There was an all-hugs epilogue to the incident, though. In the early 2000s, Costner took his daughters to another Madonna concert. “I just thought this is somebody they should see,” he recalled in that 2007 interview. “I didn’t call anybody for tickets, I just got tickets and we went down. … And about the third song in, the lights were down, and she said, ‘I want to apologize to someone.’ And all of a sudden my face starts to get hot. And she says, ‘I want to apologize to Kevin Costner.’ She just said it very simply. Ninety-eight percent of that audience didn’t know what she was talking about. But I really respected that. … I never wrote her to say thank you, but I appreciate it from the bottom of my heart, and that meant more to me than you could ever know.” (Funny enough, People couched this story under the headline “Kevin Costner Forgives Madonna for Truth or Dare Diss,” as if she’d violated U.N. regulations by making a fellow star look nerdy in public in the first place.)
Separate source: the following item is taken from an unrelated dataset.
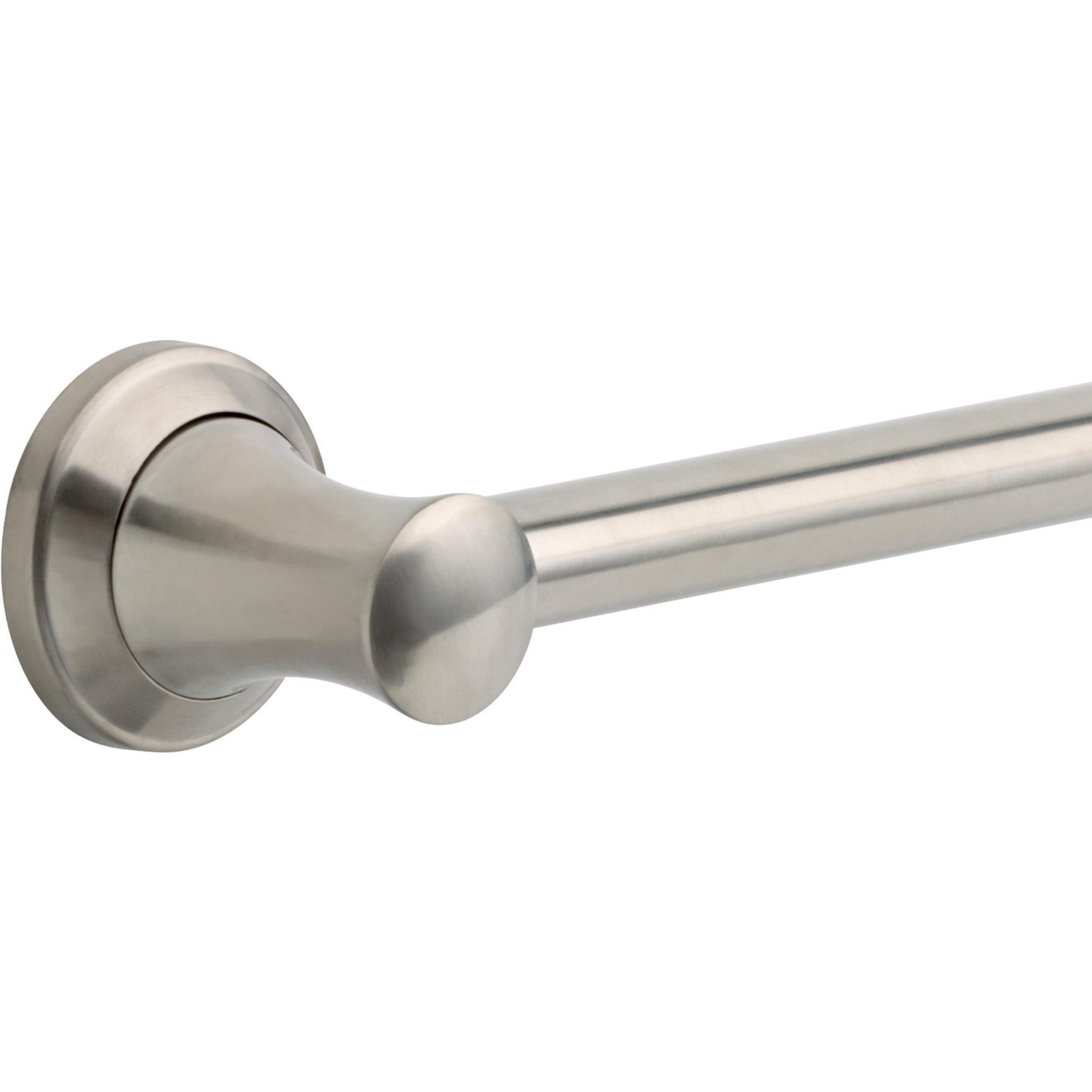 TRANSITIONAL 12" DECORATIVE ADA GRAB BAR - SS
In the social media age, Costner’s “neat” comment has been immortalized as one of the great facepalm celebrity-documentary moments. Was Madonna being “mean”? Oh, maybe. (As music journalist Bill Wyman pointed out at the time in the Chicago Reader, “[T]hey’d both been participating in the usual big-star backstage scene, and Madonna, on her home turf, with her camera going, takes advantage of the situation.”) But of all the films in Costner’s oeuvre, it’s funny that, in some ways, a few minutes in Truth or Dare define him as well as his own work. He walked into Madonna’s dressing room as one of Hollywood’s leading men. He walked out knowing exactly where he ranked in the celebrity firmament.
Some actors are popular, some are cool, and some are both. For better or worse, Costner was destined to be in that first category. He’s always said he wasn’t entirely comfortable with being a star. In Truth or Dare, he said the wrong thing at the wrong time. He was never more just like the rest of us than in that moment.